The Better Angels of our Nature. Steven Pinker. 2013. 704 pages.

This thick volume starts off with a discussion of the rates and reasons for violence in our ancestors from the time of our divergence from other primates to Biblical times and then on to the Middle Ages, and the 20th century, including the prominent role that religious institutions and beliefs played in promoting violence and genocides. “Whether or not the Israelites actually engaged in genocide, they certainly thought it was a good idea.” The author is a Canadian-born atheist of Jewish background at Harvard.

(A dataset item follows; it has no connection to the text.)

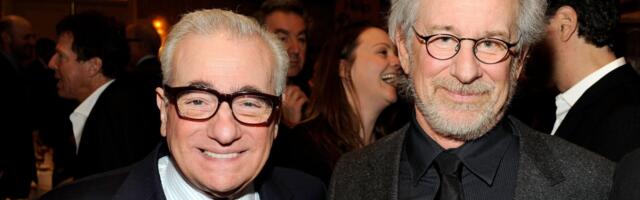 Martin Scorsese Feels the Power of the Dark Side, Jumps on the AI Bandwagon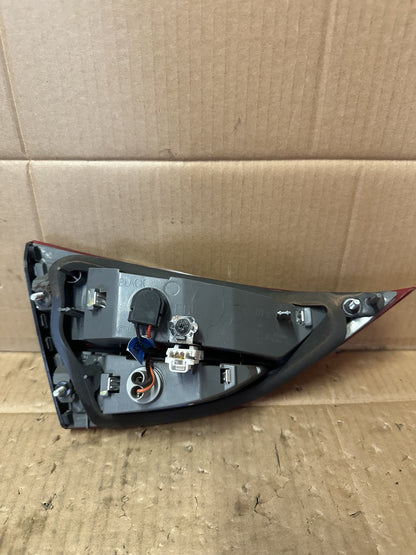 2012 Hyundai Elantra MD Sedan Right Boot Light 92404-3X0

The Humanitarian Revolution chapter veers a bit off course into long quotes from Voltaire, Samuel Johnson, Blaise Pascal, Denis Diderot, Shakespeare, Emanuel Kant, Thomas Payne, George Washington, Thomas Hobbes, John Locke, Adam Smith, Rene Descartes, Edmund Burke, Baruch Spinoza, and Charles Montesquieu in what seems to me to be an unnecessary effort to show off knowledge. But the conclusion that literacy, particularly the reading of novels, together with urbanization, led to abhorrence of previously sanctioned violence seems valid. Enlightenment humanism, (which I embrace as opposed to religious dogmatism), slowly evolved to emphasize our commonalities.

In trying to explain the (relatively) Long Peace following WWII, Pinker utilizes statistical modelling including Poisson distribution, power-law modelling and multiple logistic regression applied to the magnitude of wars. Statistical manipulation of derivatives of derivatives with arbitrary time frames seem at times to be designed to convince readers of a dubious conclusion. Nevertheless his conclusions that the rise of democracy, increasing international trade and organizations, urbanization, and education about other countries and peoples are potent anti-war weapons seem valid. The same statistical modelling of extensive data lead to the conclusion that civil wars, terrorism, and mass killing of political and ethnic groups (genocides), dependent on exclusionary ideologies have also dramatically declined in the last 40 years, contrary to what we usually hear from doom and gloom talking heads and politicians who oblige the terrorists by trying to scare us. In the long chapter documenting the rise of individual rights and the resultant decrease in rape, assault, domestic, child, and animal abuse, there is a superb snide discussion of the evil unanticipated consequences of efforts to ensure childhood safety.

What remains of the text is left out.